In This Chapter

Bookmark and Share

Chapter Review

  • Defining the State
    • In comparative politics, the state is a series of institutions that maintains a monopoly of violence over a territory. It relies on sovereignty—the ability to carry out actions in a territory independently—and power.
    • A regime is the rules and norms of politics; in some nondemocratic countries where politics is dominated by a single individual, we may use the term regime to refer to that leader. Government is the leadership in charge of running the state. If the state is a computer, the regime is the software and the government is the operator.
    • A country may be seen as shorthand for all these concepts – state, government, regime – as well as for the people who live within a political system.
  • The Origins of Political Organization
    • As long as there have been human beings, there has been some form of human organization.
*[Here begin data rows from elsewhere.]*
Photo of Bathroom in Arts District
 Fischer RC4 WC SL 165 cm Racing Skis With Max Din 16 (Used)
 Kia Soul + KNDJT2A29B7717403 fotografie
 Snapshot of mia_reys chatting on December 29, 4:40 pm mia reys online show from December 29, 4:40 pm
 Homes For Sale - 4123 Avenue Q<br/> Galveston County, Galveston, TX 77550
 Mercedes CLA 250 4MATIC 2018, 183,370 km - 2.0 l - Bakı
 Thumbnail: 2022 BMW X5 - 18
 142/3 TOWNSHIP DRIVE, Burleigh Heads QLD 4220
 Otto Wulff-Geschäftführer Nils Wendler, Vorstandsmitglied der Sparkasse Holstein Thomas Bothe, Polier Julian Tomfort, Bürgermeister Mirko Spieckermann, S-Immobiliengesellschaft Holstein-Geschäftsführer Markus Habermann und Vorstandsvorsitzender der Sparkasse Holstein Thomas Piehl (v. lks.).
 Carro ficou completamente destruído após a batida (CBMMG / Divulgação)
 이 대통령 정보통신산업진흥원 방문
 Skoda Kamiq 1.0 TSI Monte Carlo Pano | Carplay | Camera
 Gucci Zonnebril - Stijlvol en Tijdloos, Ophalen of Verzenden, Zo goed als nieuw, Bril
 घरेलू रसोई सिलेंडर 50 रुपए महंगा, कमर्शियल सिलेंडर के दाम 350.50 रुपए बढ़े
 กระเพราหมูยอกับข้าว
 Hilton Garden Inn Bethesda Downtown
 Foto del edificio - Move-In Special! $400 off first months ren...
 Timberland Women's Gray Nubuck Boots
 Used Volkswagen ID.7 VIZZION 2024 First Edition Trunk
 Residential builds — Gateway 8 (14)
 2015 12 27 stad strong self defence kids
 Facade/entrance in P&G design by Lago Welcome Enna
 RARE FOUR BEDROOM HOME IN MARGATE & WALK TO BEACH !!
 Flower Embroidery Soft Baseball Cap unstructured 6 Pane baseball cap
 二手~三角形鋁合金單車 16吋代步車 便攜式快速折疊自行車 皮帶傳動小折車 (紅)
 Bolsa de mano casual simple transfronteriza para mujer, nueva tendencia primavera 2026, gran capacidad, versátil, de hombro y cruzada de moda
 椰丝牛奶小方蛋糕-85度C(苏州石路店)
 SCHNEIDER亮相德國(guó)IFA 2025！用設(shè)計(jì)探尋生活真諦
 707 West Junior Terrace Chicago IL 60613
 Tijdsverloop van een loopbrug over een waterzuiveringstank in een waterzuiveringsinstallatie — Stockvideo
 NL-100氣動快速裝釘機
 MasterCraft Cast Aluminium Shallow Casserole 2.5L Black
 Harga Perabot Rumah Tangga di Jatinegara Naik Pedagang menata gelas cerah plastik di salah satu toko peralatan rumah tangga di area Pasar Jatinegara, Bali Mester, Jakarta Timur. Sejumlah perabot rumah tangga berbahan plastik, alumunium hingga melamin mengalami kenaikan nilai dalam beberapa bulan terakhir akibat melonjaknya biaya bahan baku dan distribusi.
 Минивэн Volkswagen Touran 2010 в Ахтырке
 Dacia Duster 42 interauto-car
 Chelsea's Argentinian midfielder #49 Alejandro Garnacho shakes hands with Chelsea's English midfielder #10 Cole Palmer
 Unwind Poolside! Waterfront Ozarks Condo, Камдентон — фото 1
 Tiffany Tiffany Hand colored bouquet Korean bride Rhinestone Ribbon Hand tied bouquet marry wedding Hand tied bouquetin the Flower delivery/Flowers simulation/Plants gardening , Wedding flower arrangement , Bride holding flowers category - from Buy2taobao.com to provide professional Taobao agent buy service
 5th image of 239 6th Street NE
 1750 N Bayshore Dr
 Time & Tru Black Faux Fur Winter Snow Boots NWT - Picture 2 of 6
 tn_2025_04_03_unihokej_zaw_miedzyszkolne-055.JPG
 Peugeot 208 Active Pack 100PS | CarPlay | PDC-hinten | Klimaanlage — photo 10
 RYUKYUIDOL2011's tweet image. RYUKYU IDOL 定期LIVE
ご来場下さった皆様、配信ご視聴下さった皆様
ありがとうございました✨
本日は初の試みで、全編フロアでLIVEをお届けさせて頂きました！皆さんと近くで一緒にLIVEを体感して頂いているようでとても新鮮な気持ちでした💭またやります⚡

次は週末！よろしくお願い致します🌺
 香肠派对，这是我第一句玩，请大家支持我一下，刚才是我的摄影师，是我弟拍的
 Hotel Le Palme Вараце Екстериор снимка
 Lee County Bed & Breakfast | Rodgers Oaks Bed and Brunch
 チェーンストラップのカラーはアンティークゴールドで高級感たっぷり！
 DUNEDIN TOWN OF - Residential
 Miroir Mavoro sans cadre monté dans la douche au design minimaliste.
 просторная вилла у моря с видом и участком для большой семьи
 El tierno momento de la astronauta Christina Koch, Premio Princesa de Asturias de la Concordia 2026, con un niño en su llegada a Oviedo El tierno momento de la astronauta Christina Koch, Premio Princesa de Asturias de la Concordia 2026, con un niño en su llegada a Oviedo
In the earliest stages, humans organized into families and larger tribes.
    • Sedentary communities and cities first emerge in the Middle East around 4000 BCE. In these cities, complex political systems emerged to deal with issues surrounding trade and the distribution and protection of wealth. The emergence of cities marks the beginnings of the emergence of states.
    • Some scholars argue that the state emerged to save societies from anarchy (Thomas Hobbes's view), while others argue that the state kept people from living equally and peacefully (Jean-Jacques Rousseau's view). More recent research suggests that neither is correct. Instead, conflicts occurred between family and tribal organizations competing for resources and territory, and states emerge out of this constant warfare.
  • The Rise of the Modern State
    • Scholars argue that the chaos of Europe’s Dark Ages fostered the emergence of the state because organizations had to rapidly adapt to intense rivalries over power and resources. The modern state may have emerged in Europe and not in China (which had developed sophisticated political organizations at least a thousand years before Europe) because China lacked major competitors to foster ongoing organizational evolution.
    • The state offered three advantages over other organizations: 1) states encouraged economic development by defining and protecting property rights; 2) state rulers encouraged technological innovation that, with property rights, set the stage for modern capitalism; and 3) the state's focus on infrastructure and legal codes fostered a more cohesive, nationalist spirit which reduced localized rivalries.
    • The Treaty of Westphalia (1648) reduced the authority of the church in Europe and instead left states with the power to direct religion within their own territory. This cemented the superiority of the political over the spiritual and encouraged states to expand outside of Europe.
  • Comparing State Power
    • Legitimacy—the understanding that a state has certain authority to carry out tasks—is a key component to stateness and allows the state to carry out its basic functions. States may display traditional legitimacy (built on history and continuity), charismatic legitimacy (embodied in a powerful and inspiring individual), rational-legal legitimacy (built on a foundation of highly institutionalized laws), or a mixture of these.
    • Centralization and Decentralization – states vary in their distribution of power. Some states use federalism, where significant powers reside in regional or local authorities. This “pushing down” of power is called devolution. Federalism does not need to be uniform; some countries use asymmetric federalism, where power is devolved unevenly between regional bodies. Others states are unitary states, where most power is held in a central government.
    • Power, Autonomy, and Capacity – Political scientists may describe states as strong states (ones that can fulfill basic functions and enforce rules) and weak states (ones that cannot execute these tasks well—the most extreme cases called failed states). However, complexities of states are better described by examining a state’s capacity (its ability to wield power to carry out policies or actions) and autonomy (its ability to wield that power without having to consult the public or another outside body).